Let me tell you why I find this book particularly important. It may, or may not, have anything to do with criteria beyond being distinctive for this time. I’m collaborating on a project to present diverse books at a couple upcoming state conferences. We are pulling our titles. Just a couple of days ago one of my colleges sent out a message that reading so many sad books was getting her down and she wasn’t sure how many more she had in her. My unwritten response was confusion. My list included STYX, MERCI SUAREZ, FRONT DESK, PRINCE AND THE DRESSMAKER, JULIAN IS A MERMAID. All books in which I found tremendous joy and hope. But I did stop to wonder, are we just now getting to a point where diverse books don’t need to be about heavy, extremely sad themes? I hope in a few years there will be so many stories about kids that look like Caleb, Merci and Mia that when the sad, heavy stories — as important as they can be — come along they will not be the only representation.
Also, best cover of the year.
Yes! This book is pure joy and summer fun with a serious undercurrent that still leads to a satisfying and hopeful ending. I will admit that when I started this book I sort of drug my feet a bit about reading it.
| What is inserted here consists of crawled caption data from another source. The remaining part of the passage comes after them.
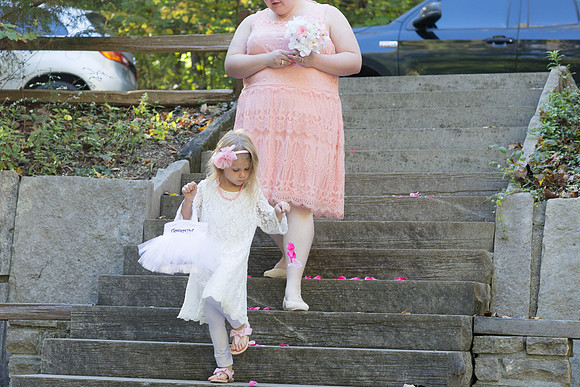 Indianapolis Senior Photographer | Connie Etter Photography -0073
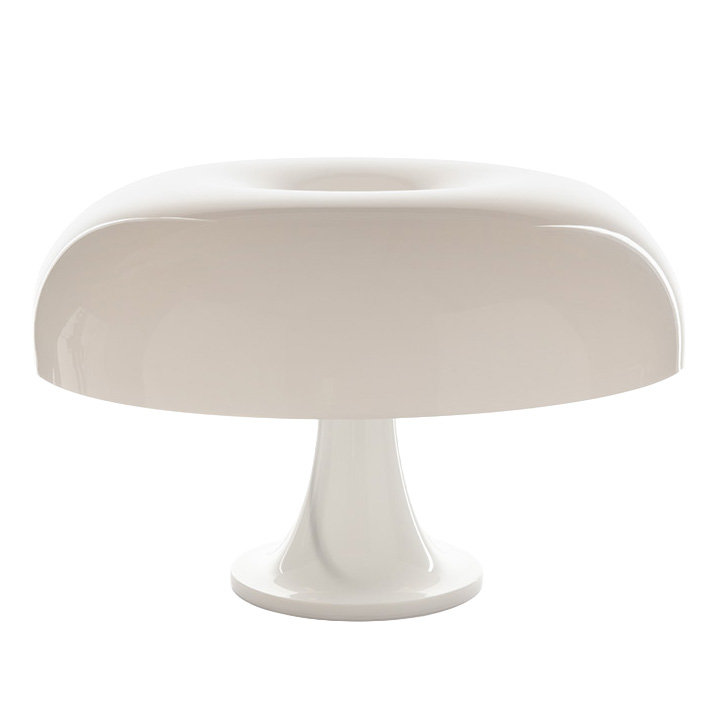Artemide Tafellamp Nesso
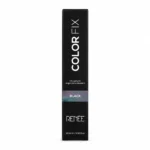 RENEE Grey Coverage Hair Gel For Instant Root Touch Up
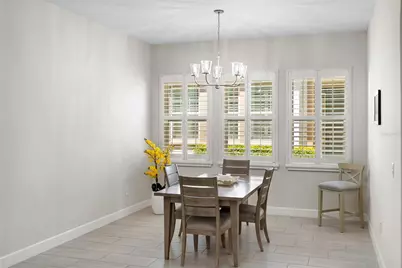 2312 Starwood Court, Bradenton, FL 34211 - Photo 53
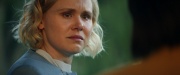 Filename=extant_StarTrek_PIC_1x07-Nepenthe_00534.jpg
Filesize=111KiB
Dimensions=1920x800
Date added=Mar 06, 2020 extant_StarTrek_PIC_1x07-Nepenthe_00534.jpg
It didn’t feel like the right time of year; this is such a summer book. However, I pushed through and finished the book absolutely head over heels for this book.
I loved that Caleb’s narration is heavily influenced by his awe of Styx. As readers we have to take in the little clues as to the true nature of their adventures and Styx himself. Sometimes it’s Bobby Gene’s commentary and sometimes it’s just the way that Styx says something. I wonder if a child reader might be a little more surprised in the end with the way Styx acts.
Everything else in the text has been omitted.